| Volume 2: No. 44 |
Franz Inc. (Berkeley, CA) has acquired Procyon Common Lisp for MS Windows. Franz will enhance and market it as ALLEGRO CL, including CLOS, editors, debugger, tracer, profiler, and a foreign function interface. (510) 548-3600. [AI Magazine, Fall 92.]
AI Expert had an article on Scheme, a small and elegant Lisp with lexical scoping. The IEEE/ANSI Scheme Standard is only 50 pages (including formal semantics), vs. a 4-inch manual for ANSI Common LISP and 95 pages for the CLOS interface. Chez Scheme and MacScheme are well-known commercial implementations. Experimental or teaching implementations -- not necessarily IEEE/ANSI-compliant -- can be FTP'd from pub/scheme in the Scheme Repository on nexus.yorku.ca (130.63.9.1). Ozan Yigit (oz@nexus.yorku.ca) can help. [Kenneth Dickey, AI Expert, 10/92.]
C++ is complex and difficult to debug, according to Kenneth Dickey. It has a baroque and ambiguous syntax, explicit destructor management, and potentially large global dispatch tables for virtual functions. Closures, garbage collection, and mixed compiled and interpreted code are difficult to add. Dickey prefers object systems in Scheme, including his on YASOS (Yet Another Scheme Object System). Scheme tends to take more data space than C, but execution speed can be comparable. (C is 10 times as fast on bit-level benchmarks, but 10-100 times slower on dynamic memory management.) YASOS is more applicative than CLOS, and less concerned with ADD-METHOD and side-effecting slots. CLOS would be better for huge problems, but such problems are rare. [Ibid.]
CASE vendors are attracted by object-oriented programming, which is said to be easier to reuse, port, and maintain. "All of the new tools will be C++," according to Doug Rosenberg of Iconix Software Engineering. Companies are having trouble getting beyond the buzzword stage, and find their engineers still writing structured-C and assembler styles in C++. New methodologies are proposed monthly, but none have caught on. Some companies like to hire experienced object-oriented programmers, others like to train their own. CAE experience -- networking protocols, multiple platforms, GUI design, distributed processing, multiuser transactions, heterogeneous architectures, cooperative processing -- is generally preferred over C++ experience. ("Experience" on a resume often means having read a C++ book and fooled around with a compiler for a few hours). CASE companies want programmers who can take responsibility for 350K-line projects. "The Lone Ranger with a PhD is becoming less attractive," according to Brian Gill- Price of Procase. [Amy Bermar, EDN News, 6/8.]
Several Fortune 100 companies have reported 300%-1000% productivity gains from OOP. 30% of the companies using OOP adopted it in the past year. Non-users are worried about multiplatform tools, retraining, and the technology's immaturity. [Object Magazine (SIG Publications Group). Bob Carlson, Computer, 10/92.]
Two PC C++ compilers are reviewed by Bruce Lowther and Paul Oman.
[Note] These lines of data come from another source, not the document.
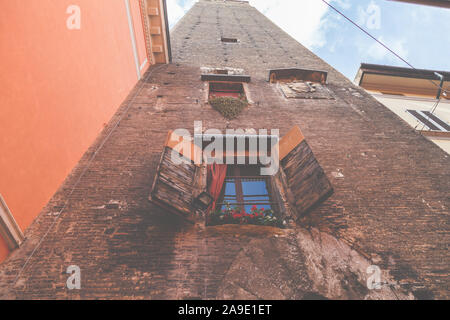 Vista sulla città di Bologna, Emilia Romagna, Italia, Europa Foto Stock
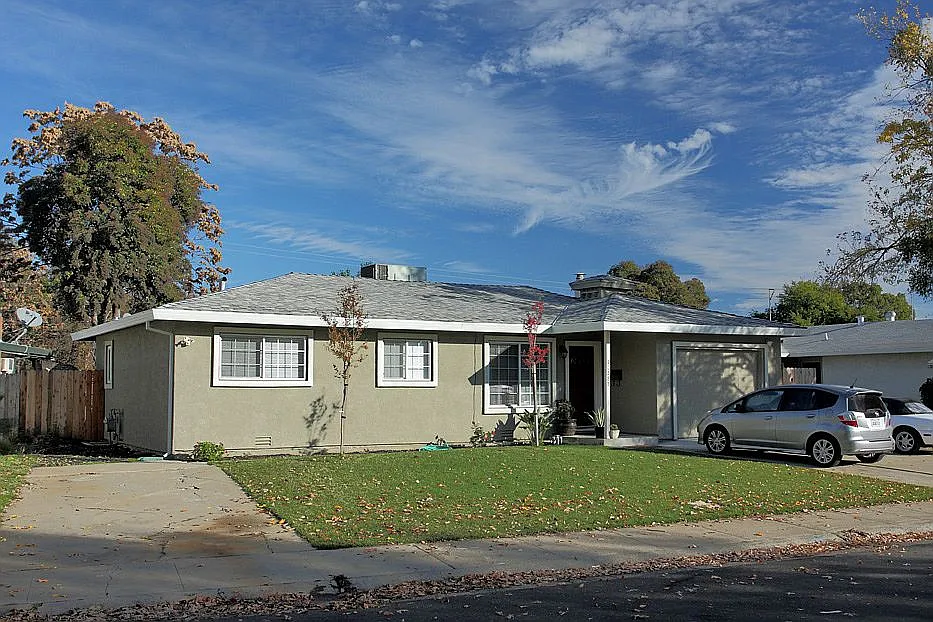 10285 Los Palos Dr photo 1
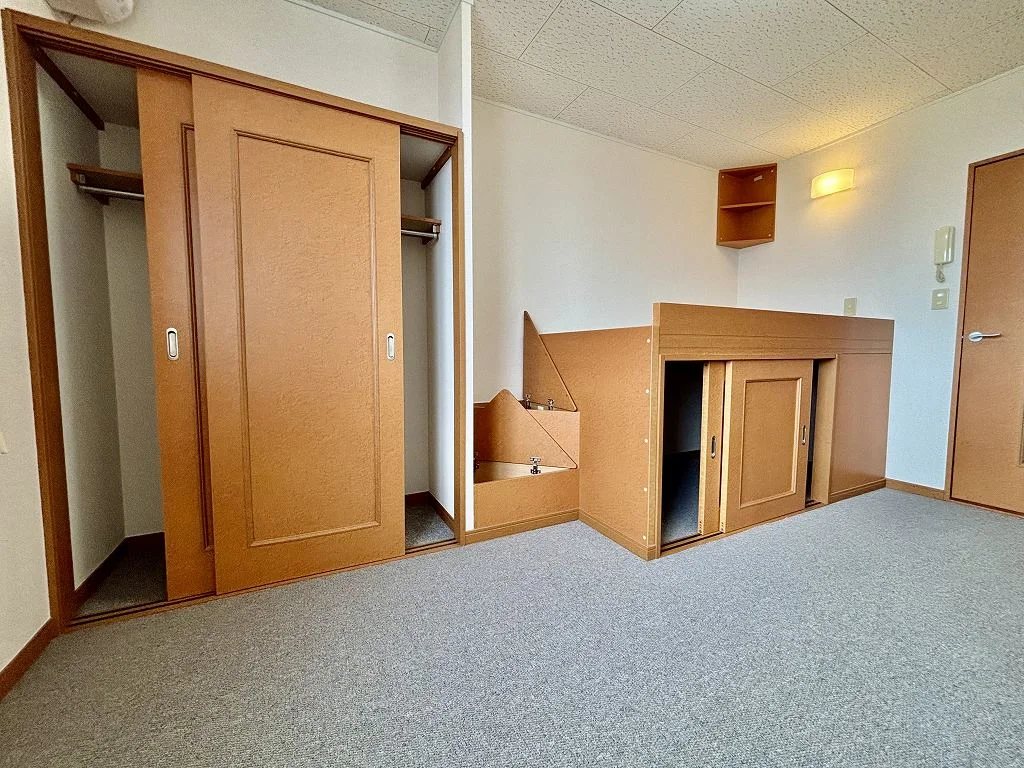 設備・仕様は号室により異なる為、現況を優先いたします。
Zortech C++ 3.0 has an awkward user interface; Borland C++ Professional 3.0 is sometimes inefficient because of incompatibilities with Soustrup's C++ specification. Both are quality programs suitable for industrial-strength programming, but neither is as easy to use as mature environments like Borland Pascal or Microsoft C. [Computer, 10/92.]
"The essentials of object orientation are simple, so simple that it takes years of training in functional programming to be confused by them." Instead of magically understanding a problem and then coding the solution steps, you start by modeling your resources and simulating their behaviors. You learn about the domain before having to code the solution. (Declarative programming has similar advantages. Then again, Dijkstra pointed out in 1975 that "if you don't know what your program is supposed to do, you'd better not start writing it." [John Erhman.]) Larry O'Brien recommends language-independent books by Shlaer and Mellor for bridging functional and OOP perspectives for software engineers. He also reviews other C++ and OOD books and mentions the CASE tools that support them. [AI Expert, 10/92.]